Directions for this task:
Before you return the entries below, strip out the pictures and keep all else exact.

Material to process:
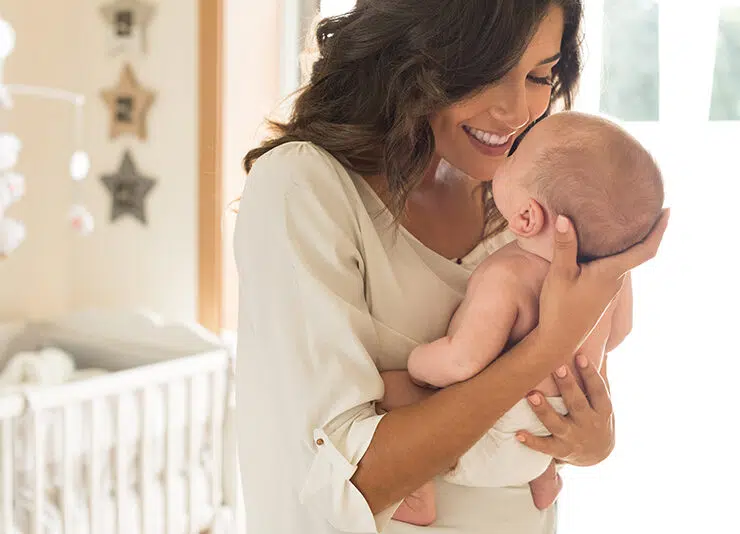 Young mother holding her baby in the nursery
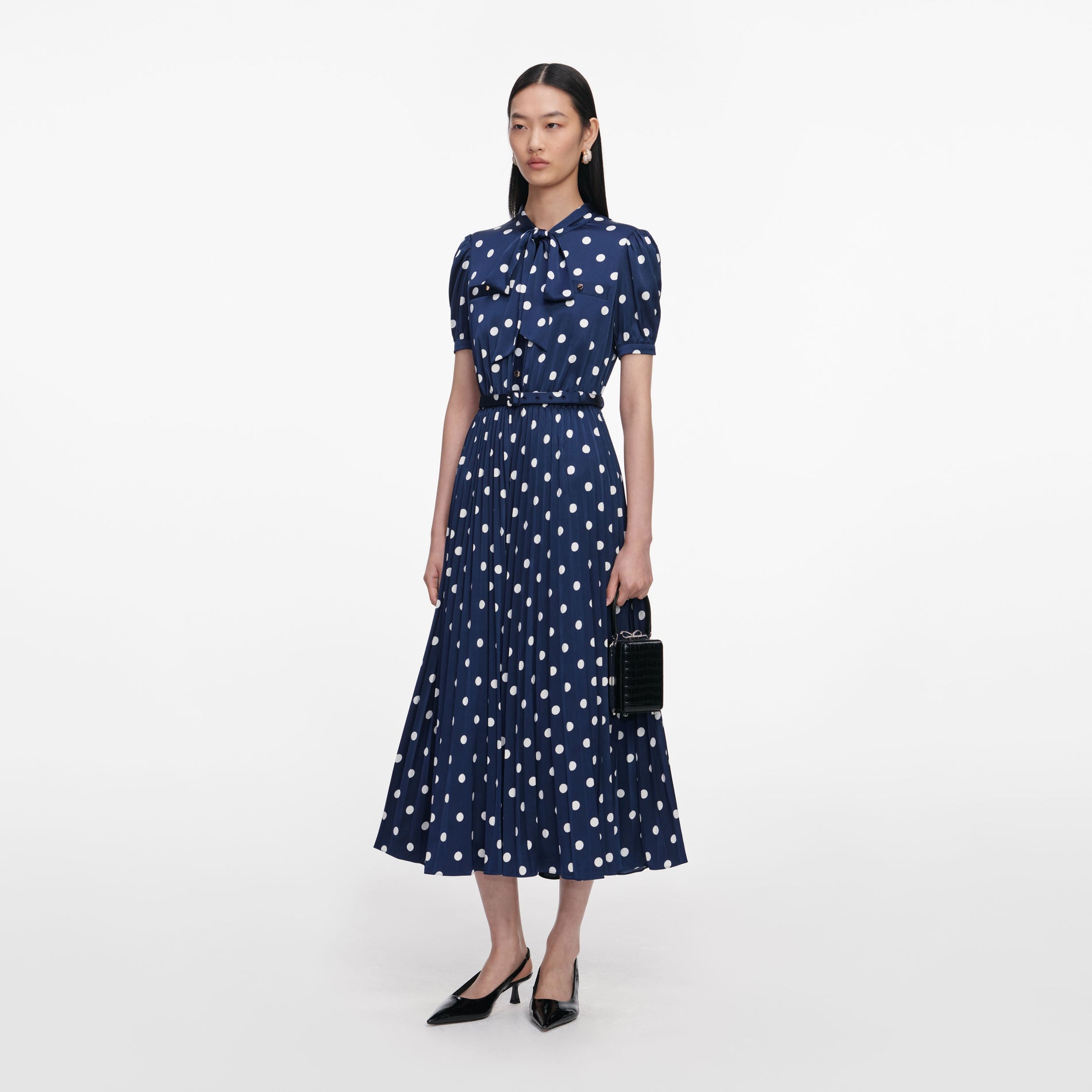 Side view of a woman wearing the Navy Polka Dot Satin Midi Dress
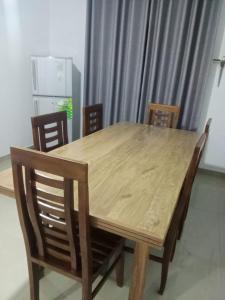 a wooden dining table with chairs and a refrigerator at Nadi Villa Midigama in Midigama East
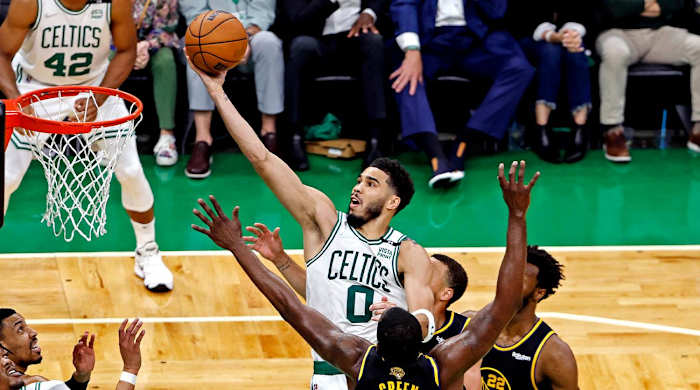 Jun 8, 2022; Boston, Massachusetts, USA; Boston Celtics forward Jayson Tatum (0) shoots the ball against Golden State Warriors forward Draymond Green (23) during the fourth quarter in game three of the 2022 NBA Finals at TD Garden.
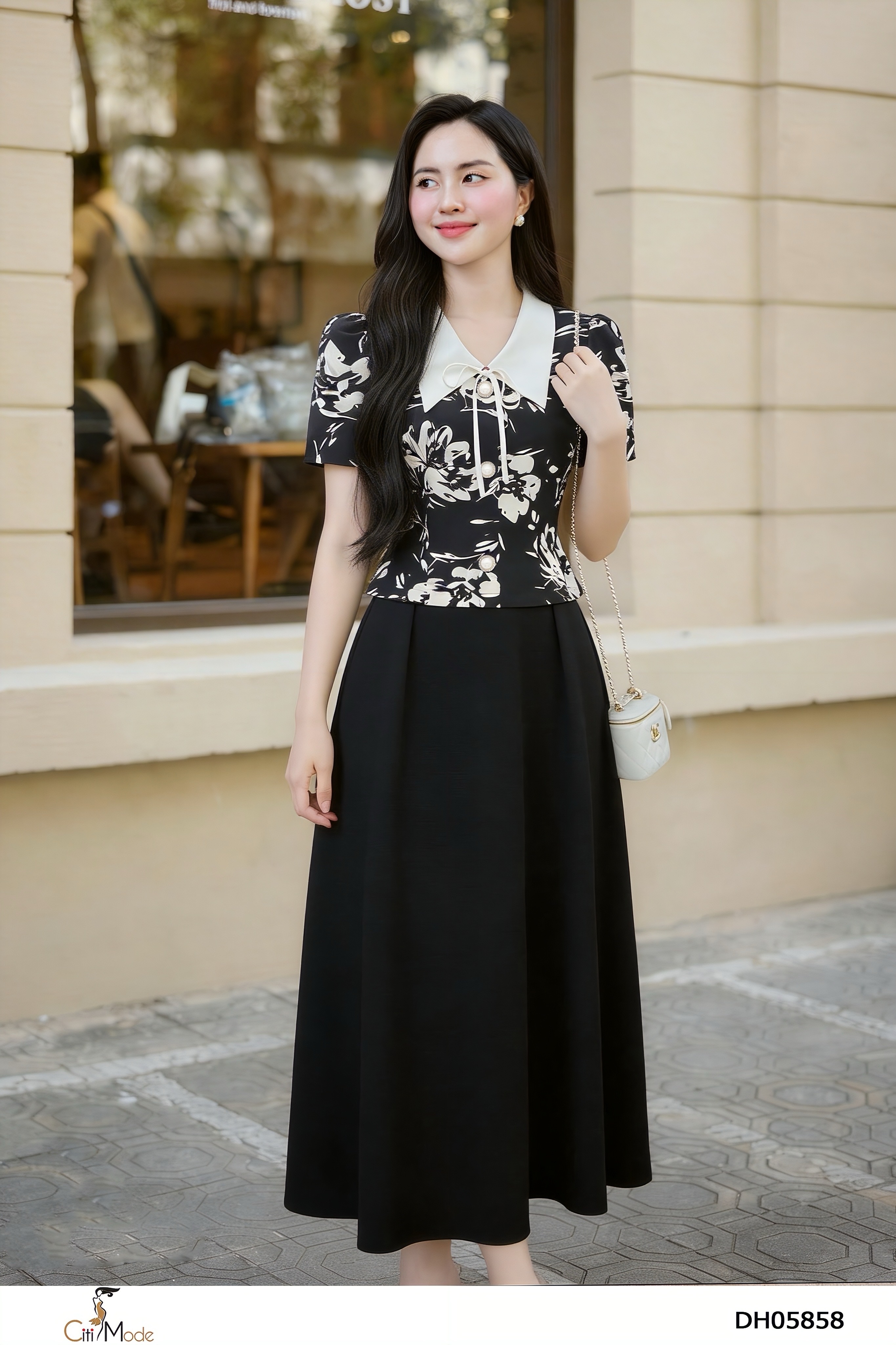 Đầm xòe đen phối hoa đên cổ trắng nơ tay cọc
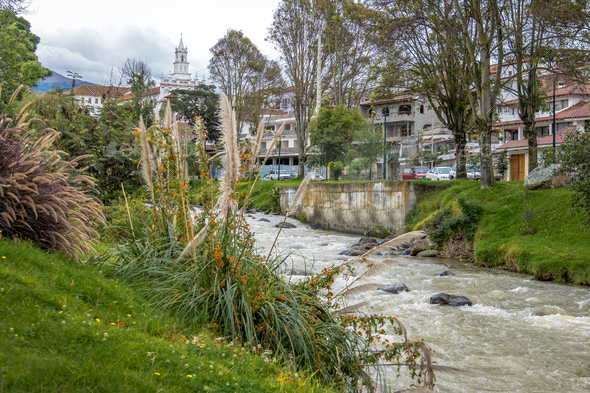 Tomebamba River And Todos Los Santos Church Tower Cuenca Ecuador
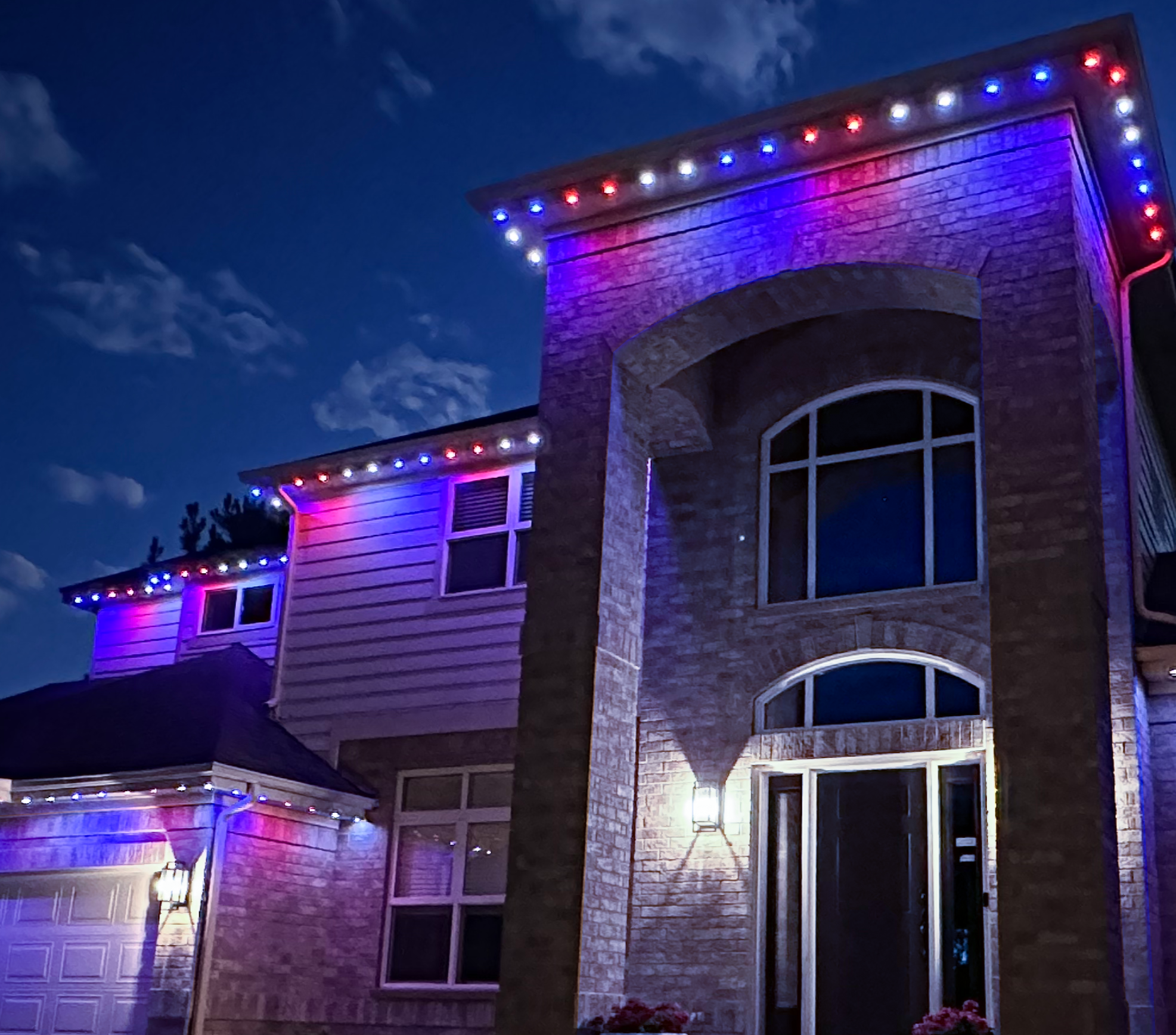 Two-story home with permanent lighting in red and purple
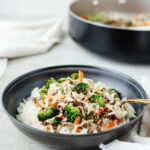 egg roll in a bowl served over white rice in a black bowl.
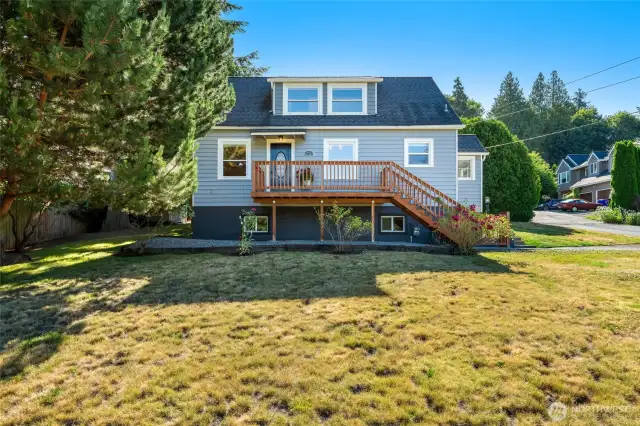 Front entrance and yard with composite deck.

Written solution:
 Young mother holding her baby in the nursery
 Side view of a woman wearing the Navy Polka Dot Satin Midi Dress
 a wooden dining table with chairs and a refrigerator at Nadi Villa Midigama in Midigama East
 Jun 8, 2022; Boston, Massachusetts, USA; Boston Celtics forward Jayson Tatum (0) shoots the ball against Golden State Warriors forward Draymond Green (23) during the fourth quarter in game three of the 2022 NBA Finals at TD Garden.
 Đầm xòe đen phối hoa đên cổ trắng nơ tay cọc
 Tomebamba River And Todos Los Santos Church Tower Cuenca Ecuador
 Two-story home with permanent lighting in red and purple
 egg roll in a bowl served over white rice in a black bowl.
 Front entrance and yard with composite deck.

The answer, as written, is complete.